Chronique du 7 mai 2007

J’ai rencontré une oie. Je m’appelle Alaï Goose, m’a-t-elle dit. Du moins je l’imagine. Pas mal comme nom pour une oie, lui ai-je dit, au bord de sa mare. Y’en a marre de ce froid de canard, a-t-elle ajouté, drapée de sa blanche féminité.

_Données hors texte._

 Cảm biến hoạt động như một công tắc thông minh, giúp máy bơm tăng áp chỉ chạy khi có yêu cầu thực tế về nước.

Le lendemain, je suis retourné. Il faisait plus chaud. Pour quel canard travailles-tu à venir ainsi observer les oies ? m’a-t-elle demandé. Une question bête comme une oie, me suis-je dit, à la manière d’une journaliste de France 2 demandant à une oie blanche un soir d’élection présidentielle si elle va devenir ministre. Il ne faut pas prendre les enfants du Bon Dieu pour des canards sauvages, aurait-elle pu observer, mais l’invitée aura su garder toute sa dignité. Tu ne seras pas surpris de ce cheminement, ô lecteur. Si tu te dis un seul instant qu’il manque sans doute ici une case, dis-toi que c’est un jeu et que tu viens de tomber au bas de l’échelle, histoire de reprendre depuis le début.

Le résultat du deuxième tour semblait glisser sur Ségolène comme sur les plumes d’un canard, ai-je confié à mon oie favorite. D’aucuns eussent aimé qu’elle fît la cane, ajouta-t-elle dans un parfait subjonctif imparfait, preuve que les oies peuvent résoudre des contradictions que nous les humains sommes incapables d’appréhender. C’est que la France en aura soupé de tous ceux qui caquètent, me glissa-t-elle alors subrepticement. Comment ne pas être déconfit ? Pas bête, cette oie, me suis-je avoué, tenté de lui faire un petit canard, histoire de la remercier.

Allez, tout le monde au travail ! s’écriera-t-on demain. Et s’il le faut, dénichons les canards sans plumes.